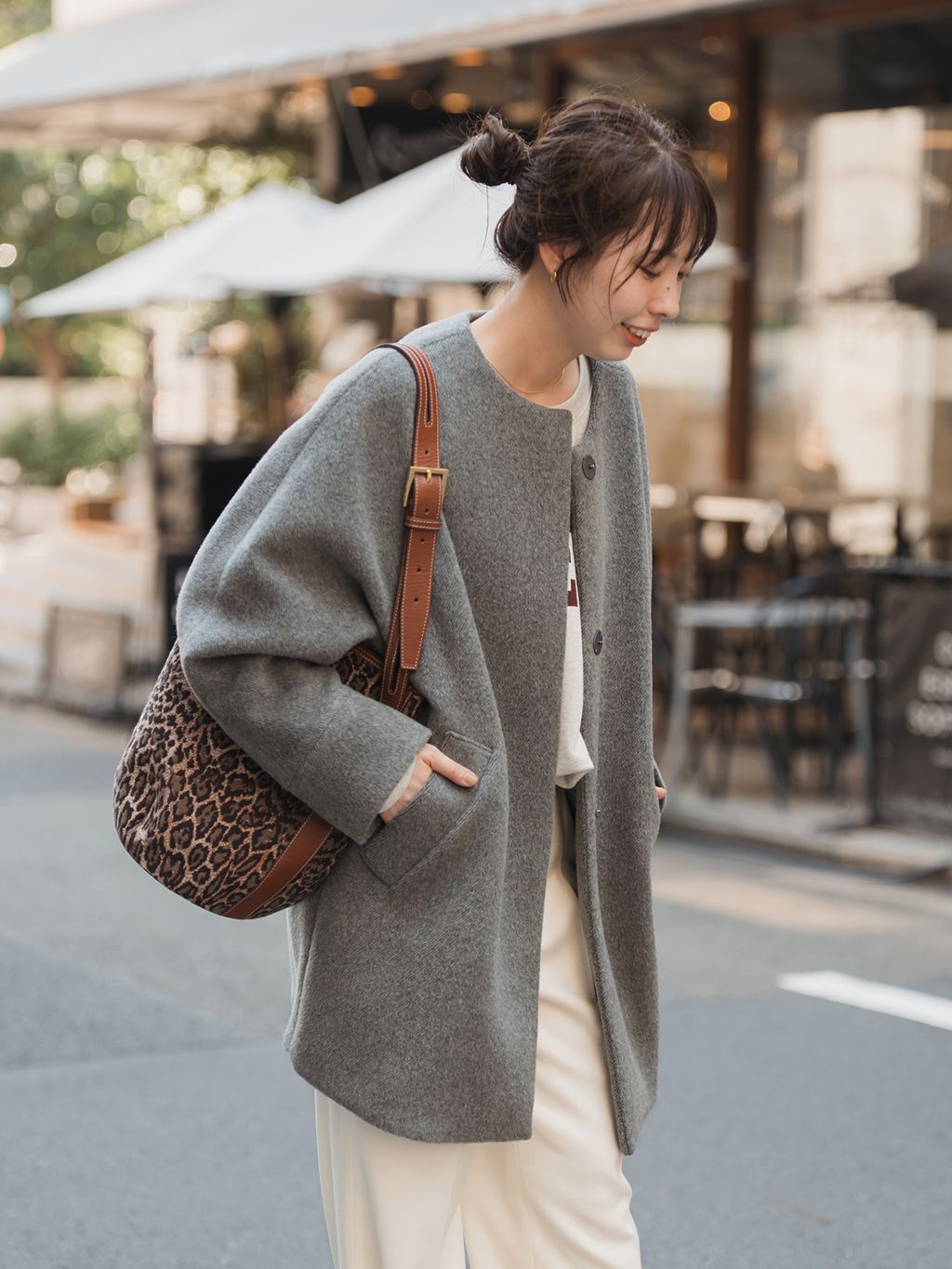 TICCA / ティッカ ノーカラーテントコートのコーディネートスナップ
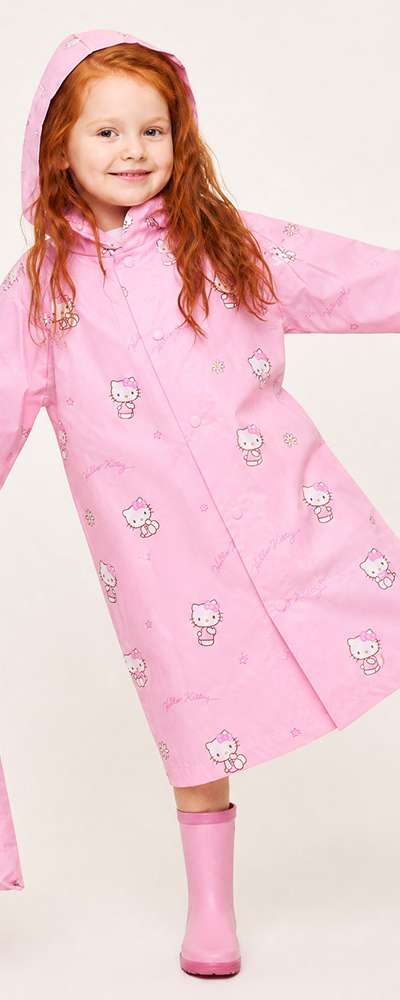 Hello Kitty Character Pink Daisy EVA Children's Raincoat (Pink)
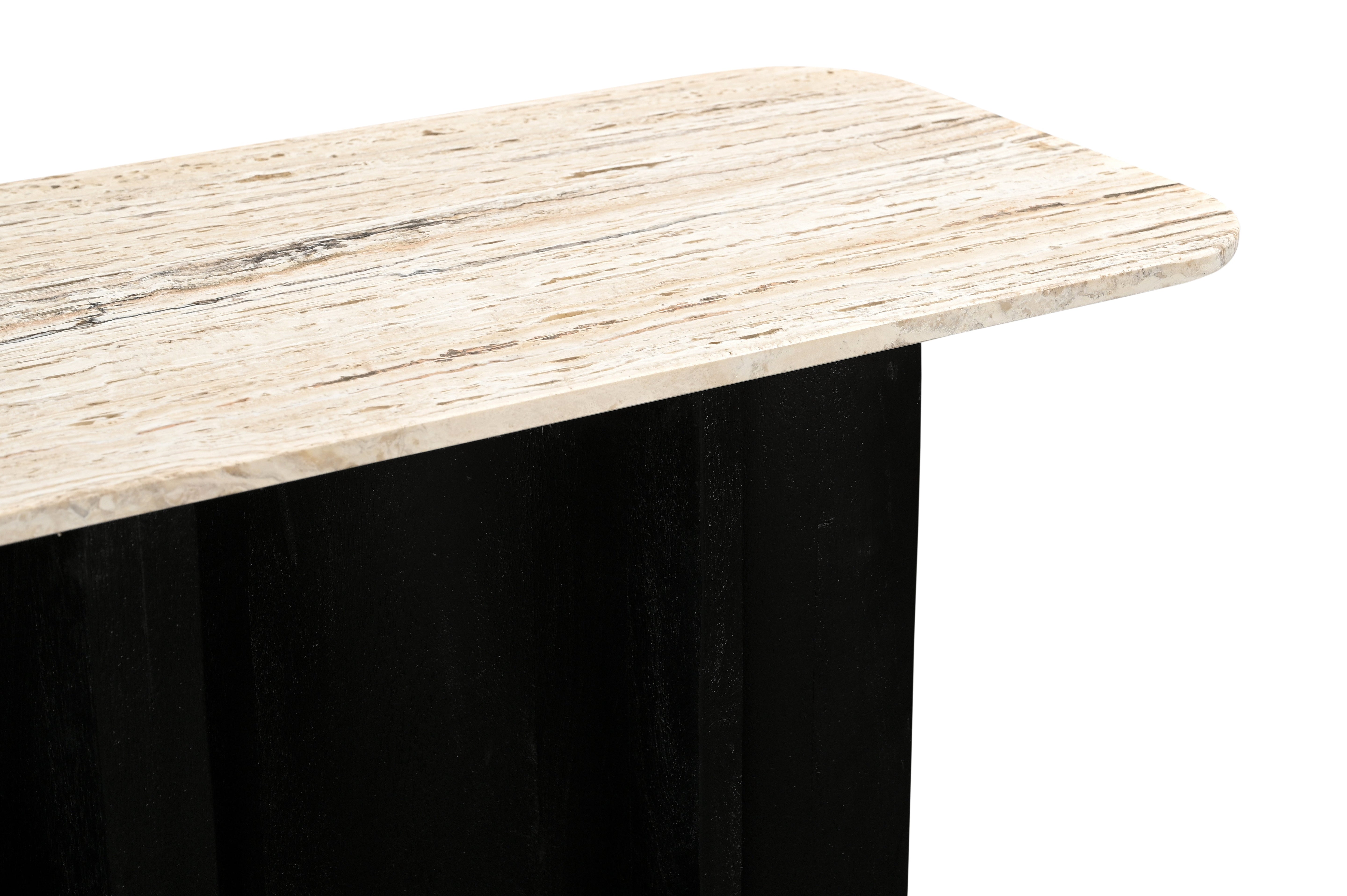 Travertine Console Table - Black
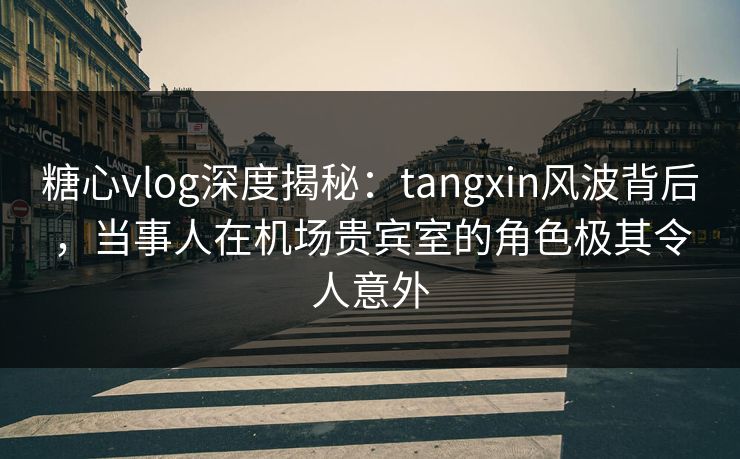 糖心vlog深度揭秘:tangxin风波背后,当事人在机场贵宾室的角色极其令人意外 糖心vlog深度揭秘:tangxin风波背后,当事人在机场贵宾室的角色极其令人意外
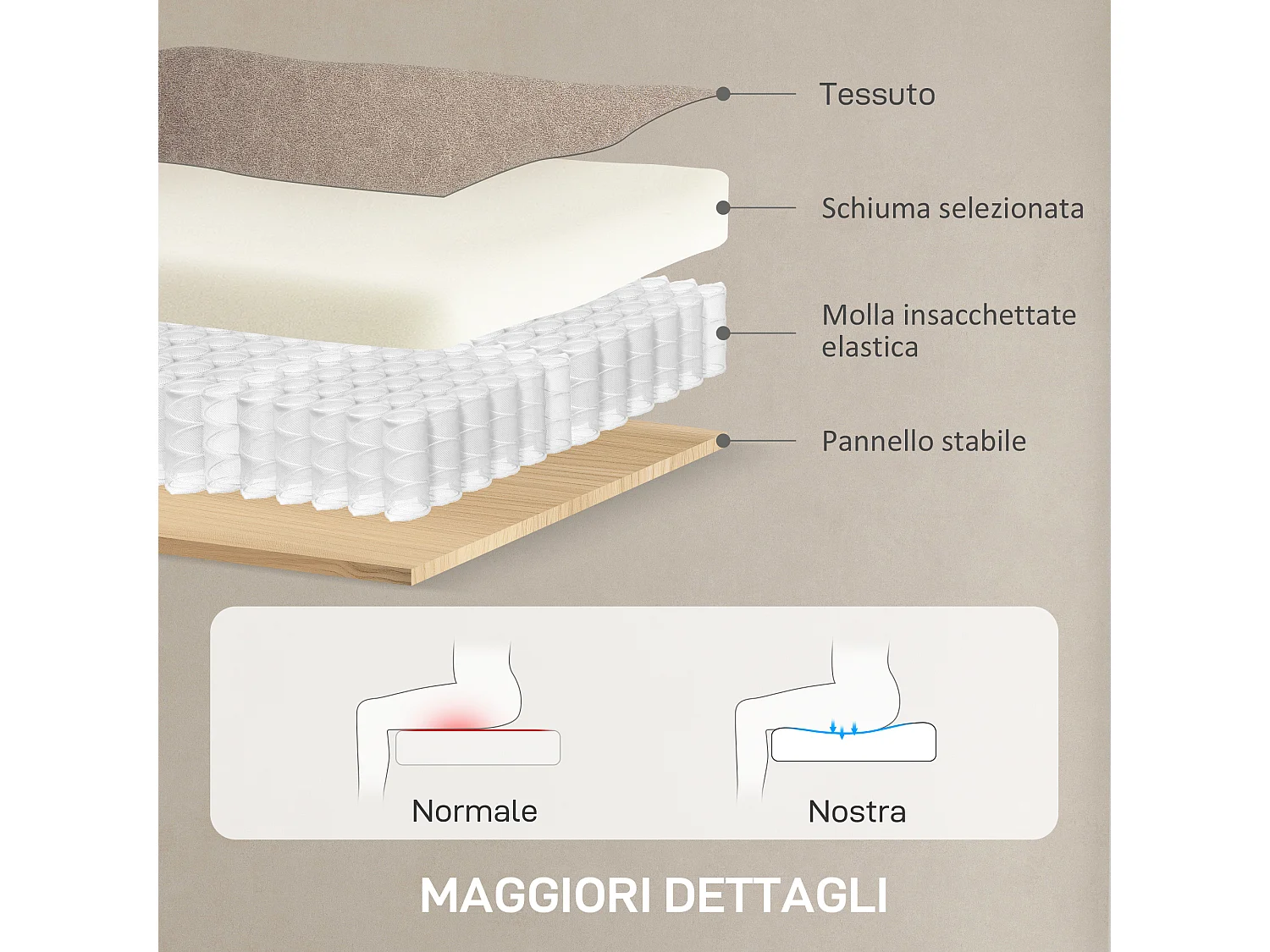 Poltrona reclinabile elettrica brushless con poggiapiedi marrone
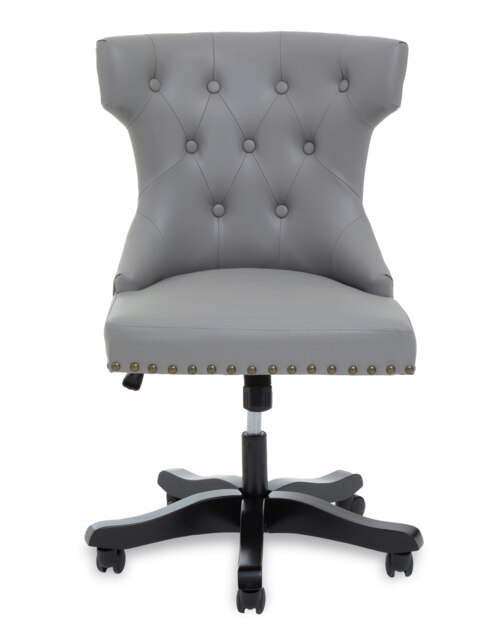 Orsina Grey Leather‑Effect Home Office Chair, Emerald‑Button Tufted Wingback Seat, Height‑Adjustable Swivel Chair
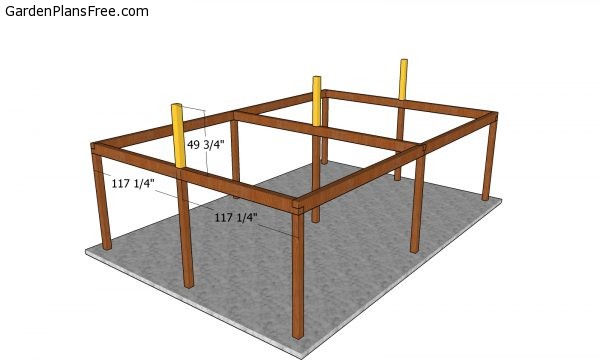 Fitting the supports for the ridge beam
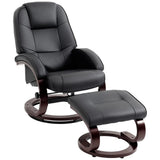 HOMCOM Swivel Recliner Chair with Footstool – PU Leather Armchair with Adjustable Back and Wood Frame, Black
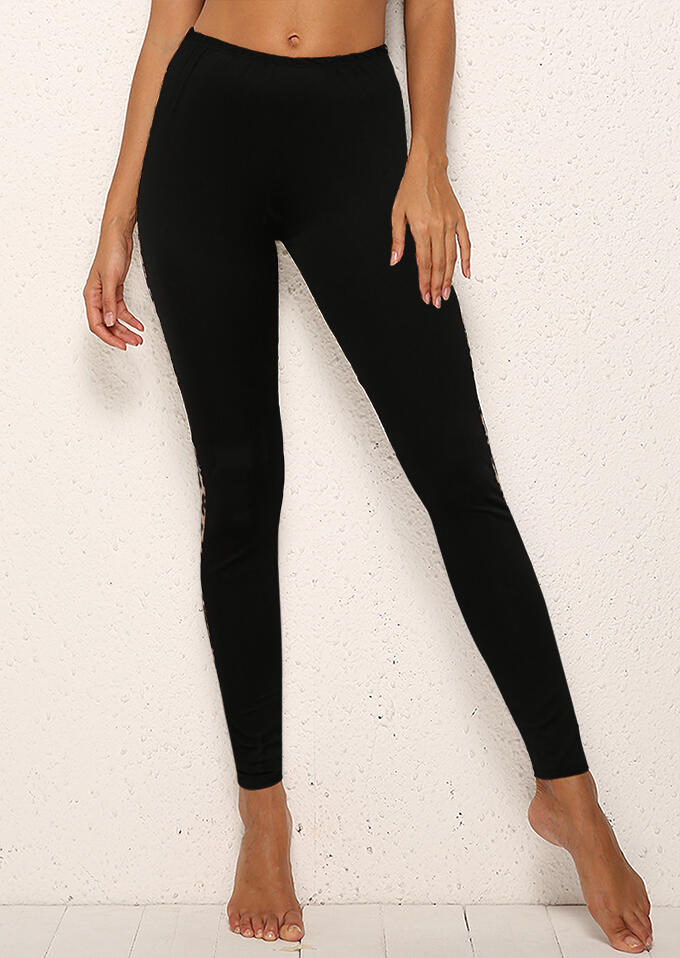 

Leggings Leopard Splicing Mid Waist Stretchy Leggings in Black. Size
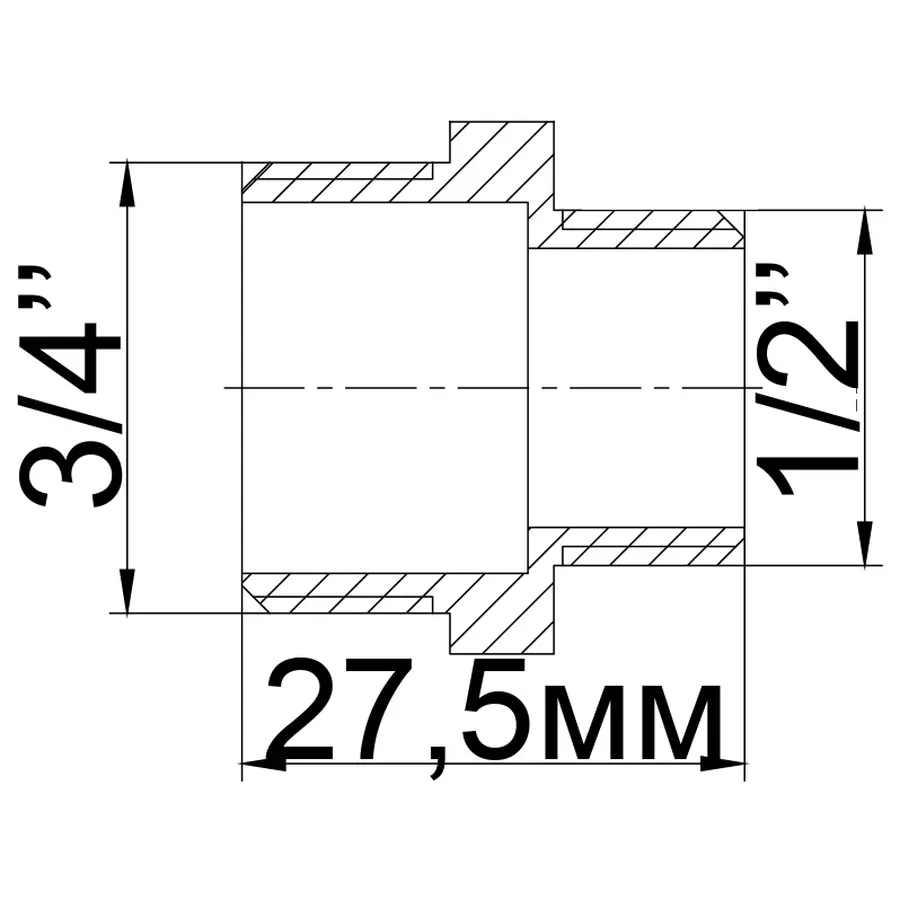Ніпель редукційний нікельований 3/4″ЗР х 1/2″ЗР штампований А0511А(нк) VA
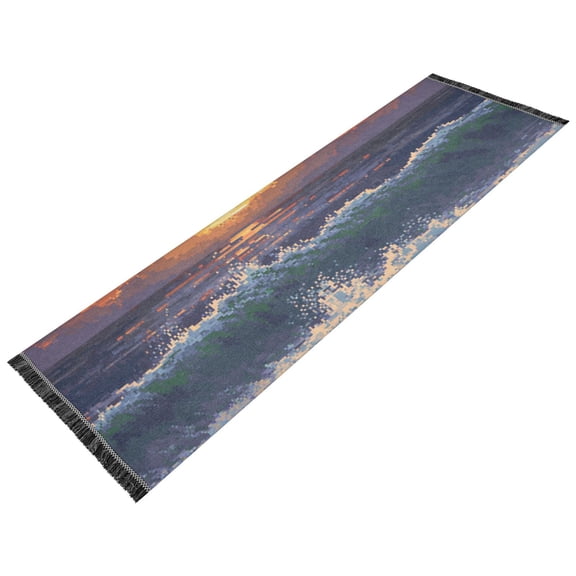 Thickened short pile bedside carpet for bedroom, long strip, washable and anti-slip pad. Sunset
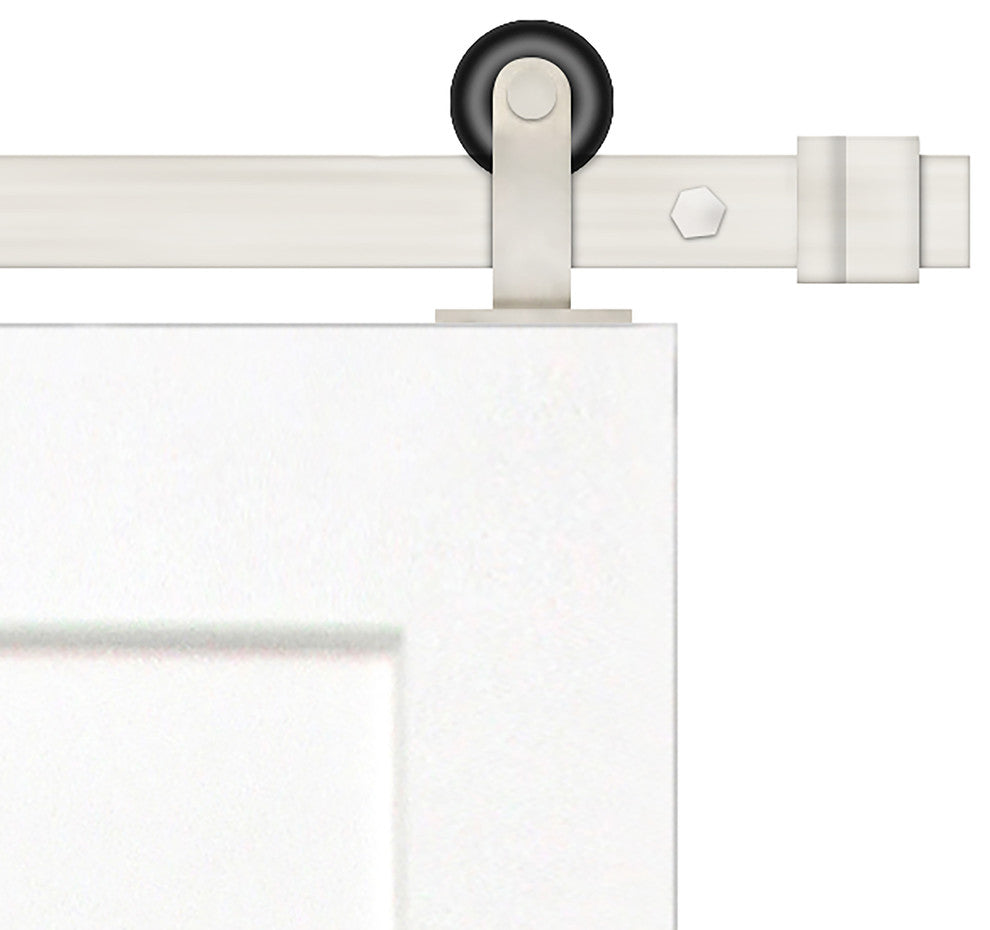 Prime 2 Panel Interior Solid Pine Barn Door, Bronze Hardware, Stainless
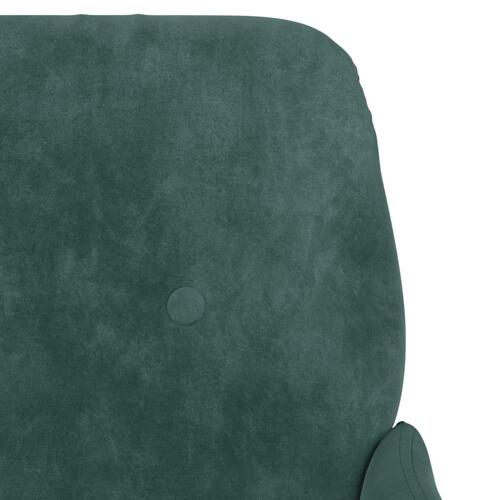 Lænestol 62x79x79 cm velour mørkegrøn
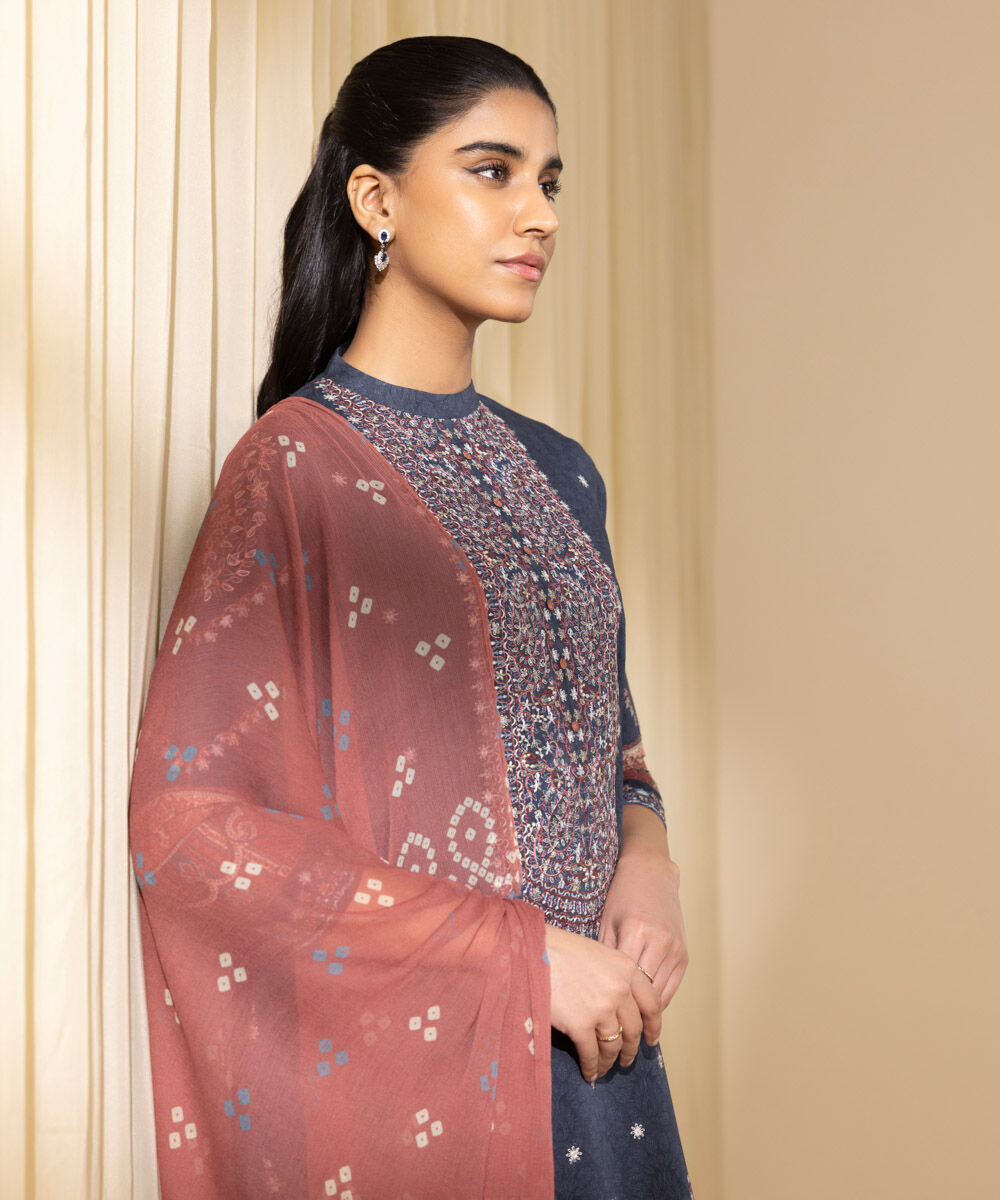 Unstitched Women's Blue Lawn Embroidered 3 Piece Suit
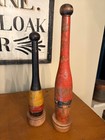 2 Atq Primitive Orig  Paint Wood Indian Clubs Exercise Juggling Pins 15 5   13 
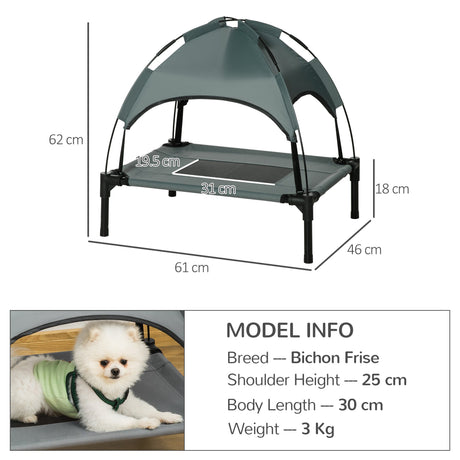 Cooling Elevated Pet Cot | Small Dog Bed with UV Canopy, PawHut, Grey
****************************************
Prompt: Reproduce exactly the lines that run from the line holding "HOMCOM Swivel Recliner" through the final line of the entries, and omit every picture.

Task response:
 HOMCOM Swivel Recliner Chair with Footstool – PU Leather Armchair with Adjustable Back and Wood Frame, Black

Leggings Leopard Splicing Mid Waist Stretchy Leggings in Black. Size
Ніпель редукційний нікельований 3/4″ЗР х 1/2″ЗР штампований А0511А(нк) VA
 Thickened short pile bedside carpet for bedroom, long strip, washable and anti-slip pad. Sunset
 Prime 2 Panel Interior Solid Pine Barn Door, Bronze Hardware, Stainless
 Lænestol 62x79x79 cm velour mørkegrøn
 Unstitched Women's Blue Lawn Embroidered 3 Piece Suit
 2 Atq Primitive Orig  Paint Wood Indian Clubs Exercise Juggling Pins 15 5   13 
 Cooling Elevated Pet Cot | Small Dog Bed with UV Canopy, PawHut, Grey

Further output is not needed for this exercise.